• _Material for this exercise_:

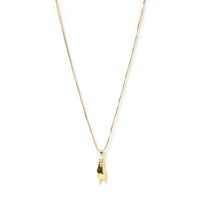 Arms Of Eve Mano Gold Charm Necklace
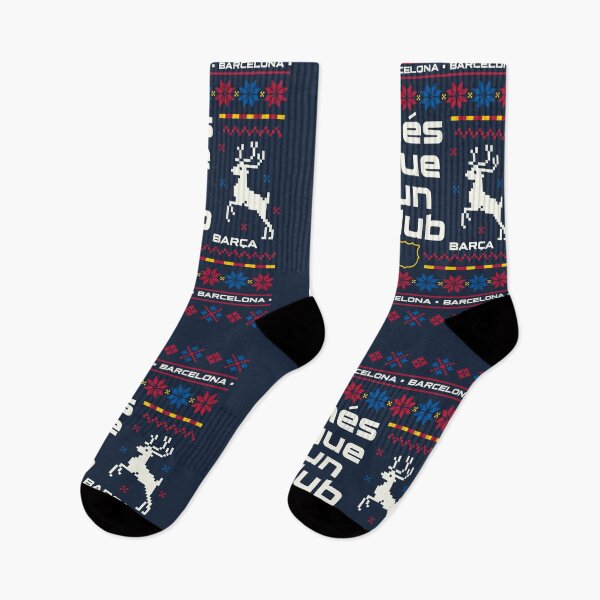 Item preview, FC Barcelona Christmas designed and sold by abihooper.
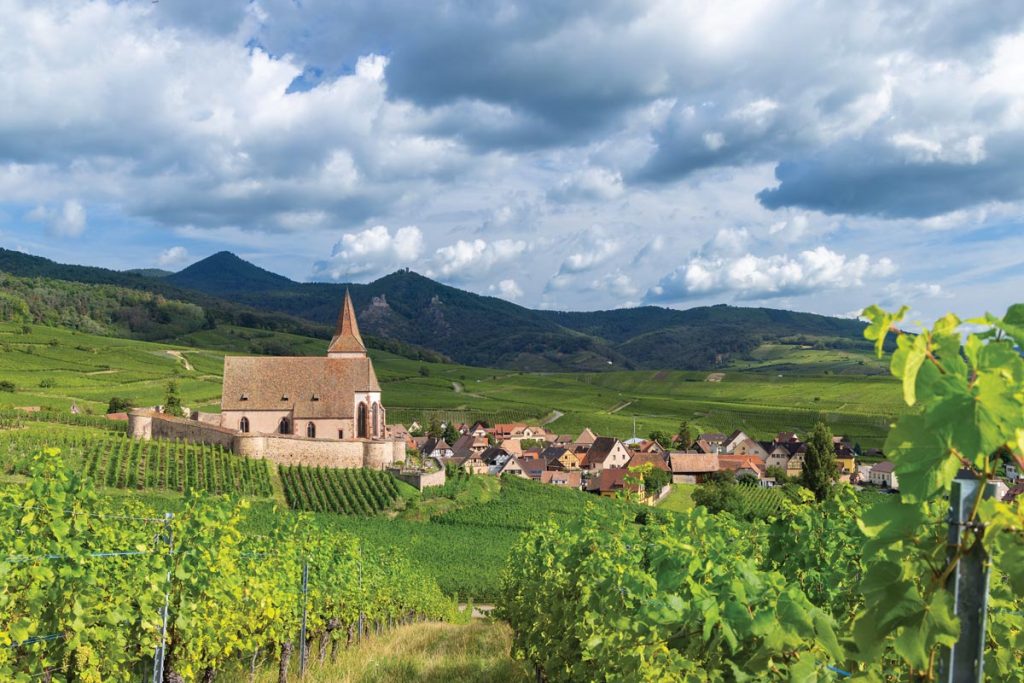 The Alsace region of northeastern France. Photo courtesy of iStock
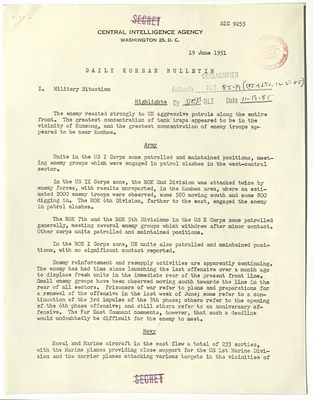 Memorandum, Daily Korean Bulletin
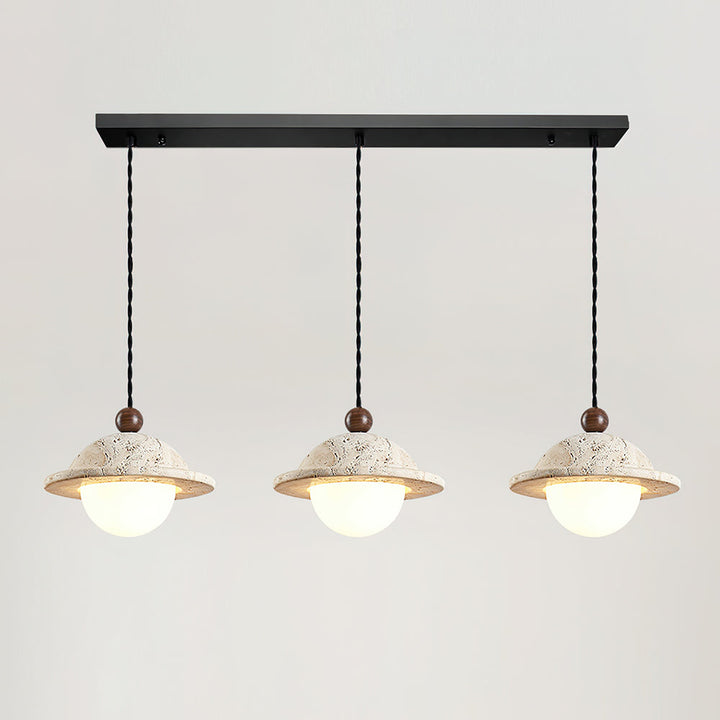 Ritta Lampe Pendante Travertin Moderne - Neutralighting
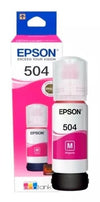 Botella Tinta ORIGINAL para Epson T504 127ml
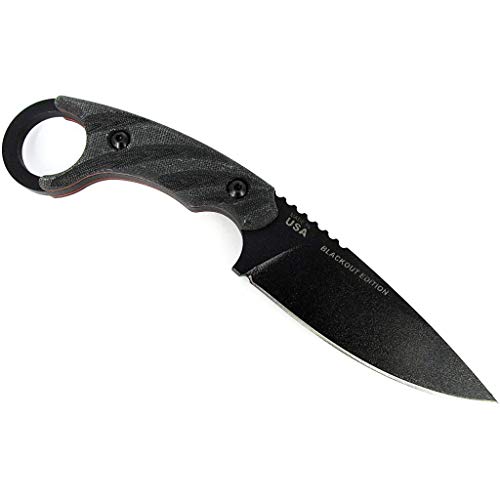 Tops Tpcut40A-Brk Cut Combat Utility Tool Knife, Black #TOP2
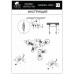 Люстра потолочная Arte Lamp Alessandra A5004PL-3WG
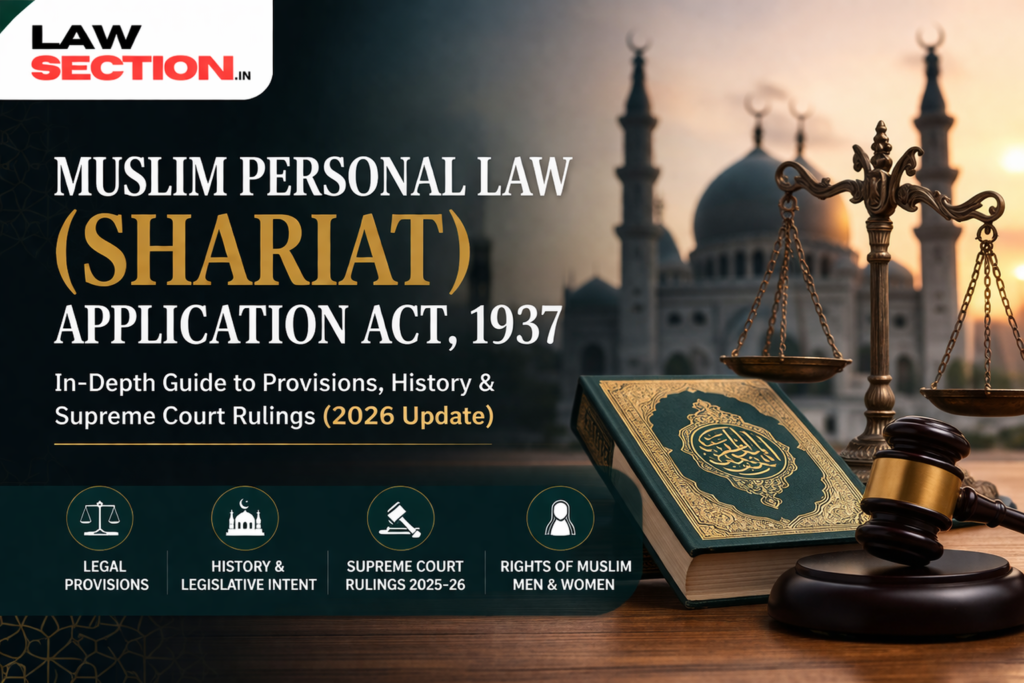 Muslim Personal Law 𝑆 ℎ 𝑎 𝑟 𝑖 𝑎 𝑡 Shariat Application Act 1937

• _Task to complete_:
Look above for the line containing "Tops Tpcut40A-Brk Cut", then retype it and each line after it to the end of the records, exactly and without pictures.

• _Exercise output_:
 Tops Tpcut40A-Brk Cut Combat Utility Tool Knife, Black #TOP2
 Люстра потолочная Arte Lamp Alessandra A5004PL-3WG
 Muslim Personal Law 𝑆 ℎ 𝑎 𝑟 𝑖 𝑎 𝑡 Shariat Application Act 1937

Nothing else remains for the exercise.